Vous marchez en soirée sur le trottoir dans le Vieux-Montréal. Une voiture de police ralentit et demande ce que vous faites. Irrités, vous répondez ne rien faire de mal. Le ton monte. Un policier demande vos papiers. Vous refusez - c'est votre droit. S'ensuit une escalade, et peut-être même des menottes.

Ça vous est déjà arrivé ? La réponse dépend fort probablement de la couleur de votre peau.

Notre exemple n'est pas très fictif... C'est en fait l'histoire d'Alexandre Lamontagne, un Noir. Il est à l'origine d'une action collective intentée contre le SPVM.

Pourquoi était-il impatient avec la police ? Parce qu'il ne faisait que marcher. Parce que ce n'était pas la première fois qu'on le jugeait suspect sans raison.

Parce que cela arrive rarement aux Blancs. Parce qu'il est aliénant de se sentir comme un criminel sans avoir rien fait.

Le SPVM n'a pas tort de dire qu'une certaine forme de profilage est inévitable. Par exemple, si les policiers ont une description d'un suspect, ils intercepteront ceux qui y correspondent. Il s'agit de profilage criminel.

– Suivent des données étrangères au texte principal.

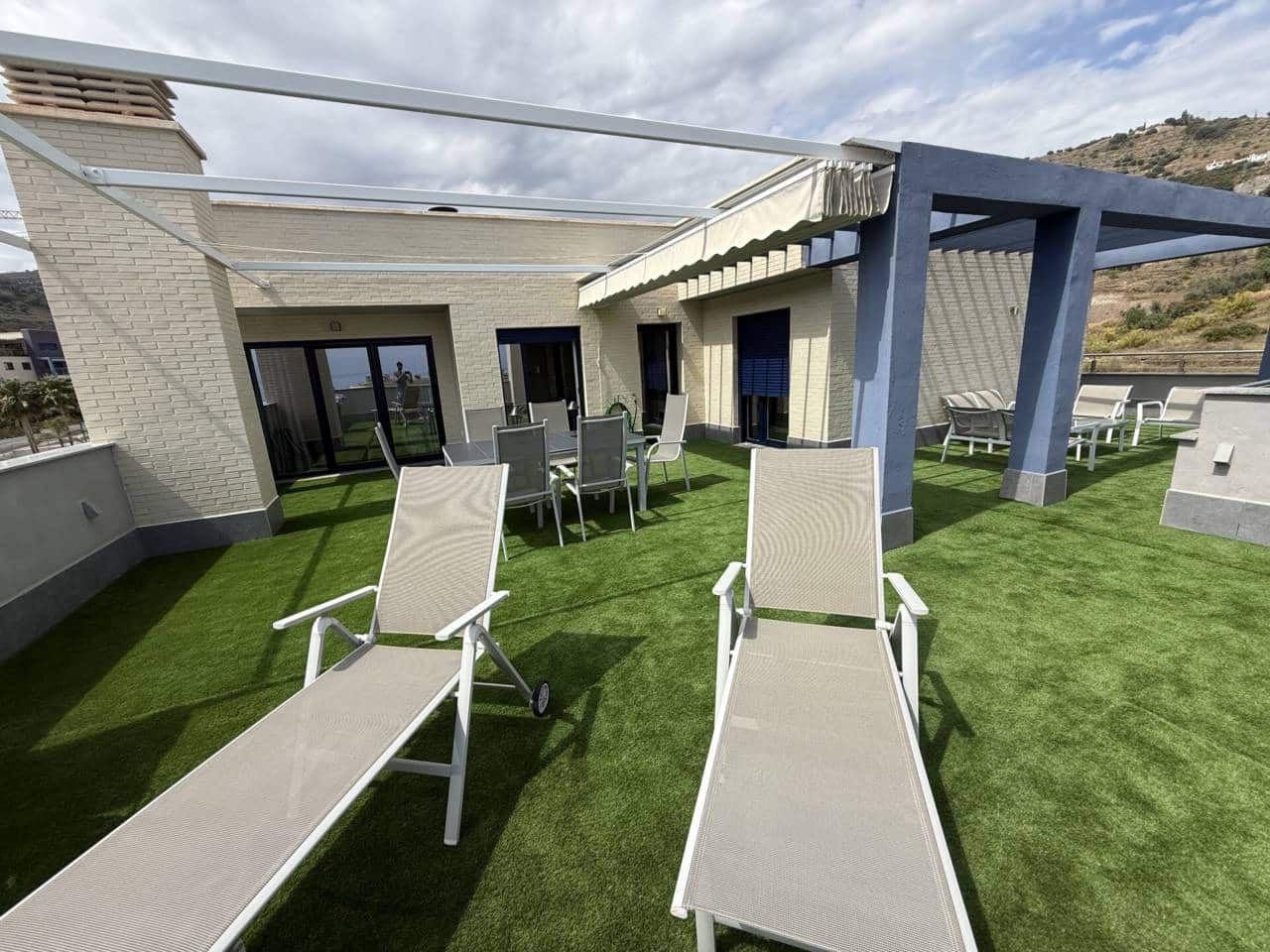 3 soverom Penthouse til leie i Taramay med svømmebasseng garasje - € 2 000 (Ref: 9974546)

Mais ce qui n'est pas normal, c'est quand un policier va à la pêche et interpelle un piéton ou intercepte un automobiliste sans raison, à part la couleur de sa peau. Comme si plus la peau est foncée, plus le risque de crime est grand. Ce calcul peut se faire de façon consciente ou non. Mais peu importe l'intention, la conséquence est la même. Ces personnes ont l'impression qu'elles sont sous surveillance à cause de leur couleur.

Le pouvoir policier n'est pas une chose banale. Il permet de limiter ce qu'il y a de plus précieux, notre liberté. Ce pouvoir vient avec des responsabilités proportionnelles.

Les policiers font un travail aussi difficile qu'essentiel. Ils doivent prendre des décisions en une fraction de seconde, dans des conditions stressantes. Il est facile pour nous de les juger à distance.

Insistons : on ne doute pas que la très grande majorité des policiers font preuve d'un professionnalisme exemplaire. Mais il ne suffit que de quelques fautifs pour défaire les efforts de tous les autres.

Les plaignants peuvent s'adresser aux tribunaux ou à la déontologie policière. Dans le premier cas, l'amende est payée par le SPVM - le policier en cause ne paye pas personnellement. Dans le second, les sanctions ne sont pas très sévères. Le SPVM n'a pas été capable de trouver un seul cas de congédiement.

Avec son nouveau plan d'action, le SPVM et son nouveau chef, Sylvain Caron, ont démontré qu'ils veulent sincèrement mettre fin au profilage racial. Mais tant qu'ils ne puniront pas les récidivistes du profilage, la méfiance demeurera.